The gist of the enforcement action is as follows.

RLC has approximately 95 foreign subsidiaries.  One subsidiary, PRL S.R.L, an indirectly wholly-owned subsidiary of RLC headquartered and incorporated in Argentina, had a General Manager who conspired with a customs clearance agency to make improper payments “to assist in improperly obtaining paperwork necessary for goods to clear customs, to permit clearance of items without the necessary paperwork, to permit the clearance of prohibited items, and to avoid inspection.”

There is no allegation or suggestion that RLC was aware of, or participated in, the alleged conduct.  The resolution documents merely say that “in the five years that General Manager A, Agent 1, and others at PRL S.R.L carried out this scheme, RLC did not have an anti-corruption program and did not provide any anti-corruption training or oversight with respect to PRL S.R.L.”

The simplistic inference would seem to be that General Manager A would not have engaged in the improper conduct had RLC had an anti-corruption program and provided anti-corruption training.  However, this notion would seem to be undermined by reference to RLC’s worldwide FCPA compliance review which ”identified no further violations.”

DOJ NPA

The NPA states that the DOJ “will not criminally prosecute RLC … related to violations of the anti-bribery provisions of the FCPA … arising from and related to improper payments in Argentina …”.

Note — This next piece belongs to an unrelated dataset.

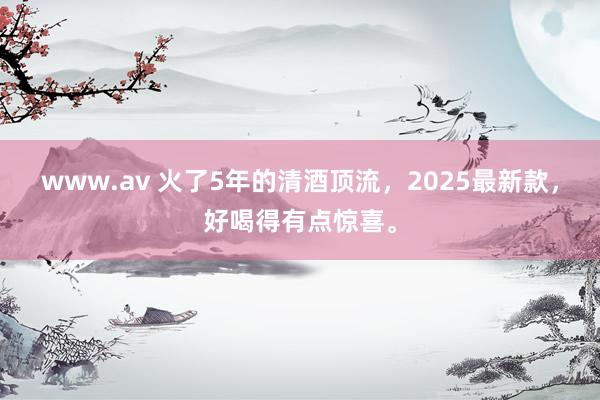www.av 火了5年的清酒顶流，2025最新款，好喝得有点惊喜。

The NPA next states as follows.  “The DOJ enters into this Non-Prosecution Agreement based, in part, on the following factors:

(a) the Company’s timely, voluntary, and complete disclosure of the conduct;

(b) the Company’s extensive, thorough, and real-time cooperation with the Department, including conducting an internal investigation, voluntarily making employees available for interviews, making voluntary document disclosures, conducting a world-wide risk assessment, and making multiple presentations to the Department on the status and findings of the internal investigation and the risk assessment;

(c) the Company’s early and extensive remedial efforts already undertaken – including conducting extensive FCPA training for employees world-wide, enhancing the Company’s existing FCPA policy, implementing an enhanced gift policy as well as other enhanced compliance, control and anti-corruption policies and procedures, enhancing its due diligence protocol for third-party agents, terminating culpable employees and a third-party agent, instituting a whistleblower hotline, and hiring a designated corporate compliance attorney – and to be undertaken, including enhancements to its compliance program as described in [the compliance features of the NPA); and

(d) the Company’s agreement to provide annual, written reports to the Department on its progress and experience in monitoring and enhancing its compliance policies and procedures, as described in [the compliance features of the NPA).

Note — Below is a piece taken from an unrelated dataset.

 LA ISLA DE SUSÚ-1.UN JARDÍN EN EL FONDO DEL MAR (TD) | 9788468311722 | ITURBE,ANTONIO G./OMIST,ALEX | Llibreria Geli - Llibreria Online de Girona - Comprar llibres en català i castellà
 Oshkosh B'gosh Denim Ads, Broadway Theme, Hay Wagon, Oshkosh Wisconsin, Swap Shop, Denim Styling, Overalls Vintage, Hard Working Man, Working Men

In the NPA, which has a term of two years, RLC admitted, accepted and acknowledged responsibility for the conduct set forth in the statement of facts contained in the NPA, and further agreed to a "muzzle" clause in connection with the conduct at issue (see here for the prior post describing such a clause).

The conduct at issue focused on PRL S.R.L "an indirect wholly-owned subsidiary of RLC headquartered and incorporated in Argentina."  According to the NPA, "PRL S.R.L. marketed and sold RLC merchandise, including merchandise that was shipped from outside Argentina."  According to RLC's most recent annual report PRL S.R.L. is one RLC's approximate 95 subsidiaries.

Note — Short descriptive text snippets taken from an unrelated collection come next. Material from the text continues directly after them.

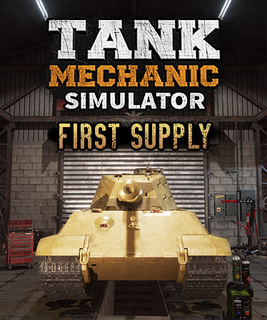 Tank Mechanic Simulator - First Supply DLC - Moved to PlayWay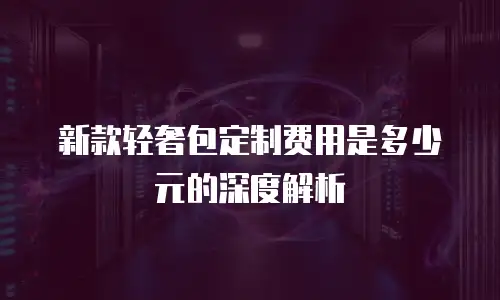 新款轻奢包定制费用是多少元的深度解析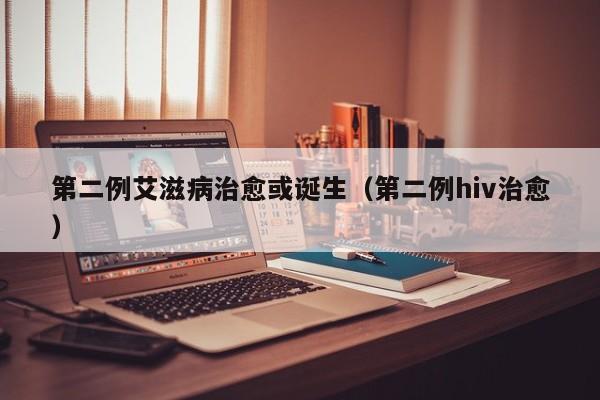 第二例艾滋病治愈或诞生（第二例hiv治愈）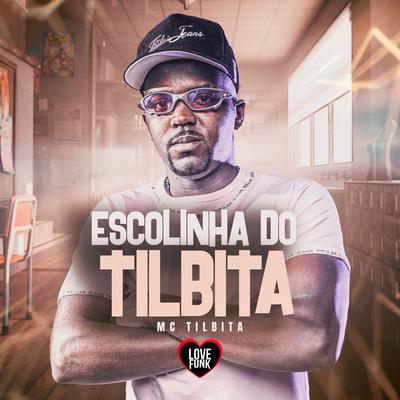 Escolinha do Tilbita By MC TILBITA, Love Funk's cover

More specifically, the conduct at issue focused on "General Manager A" described as a "dual U.S. and Argentine citizen ... hired by RLC to manage the business of PRL S.R.L. from 2003 until 2009" and "Agent 1" described as a "customs clearance agency that was retained by PRL S.R.L. to assist with customs clearance issues in Argentina."

According to the NPA, from 2004 to 2009 "PRL S.R.L. and its employees, including General Manager A, together with Agent 1 and others, conspired to make unlawful payments to foreign officials to use the officials' influence with foreign government agencies and instrumentalities in order to assist PRL S.R.L. in obtaining and retaining business for and with, and directing business to PRL S.R.L."

According to the NPA, the improper payments were "to assist in improperly obtaining paperwork necessary for goods to clear customs, to permit clearance of items without the necessary paperwork, to permit the clearance of prohibited items, and to avoid inspection." The NPA states that "these payments were not for routine government action."

According to the NPA, the improper payments were "disguised" by "having Agent 1 include the payments in Agent 1's invoice as 'Loading and Delivery Expenses' and 'stamp tax/label tax."  The NPA states that "General Manager A and others at PRL S.R.L. knew of the true purpose of these expenses and nonetheless approved reimbursement to Agent 1."

The NPA next states as follows.

"In the five years that General Manager A, Agent 1, and others at PRL S.R.L carried out this scheme, RLC did not have an anti-corruption program and did not provide any anti-corruption training or oversight with respect to PRL S.R.L."

The approximate three-page NPA concludes as follows.  "In total, General Manager A and PRL S.R.L. paid roughly $580,000 to Agent 1 for the purpose of paying bribes to customs officials in order to obtain improper customs clearance of merchandise."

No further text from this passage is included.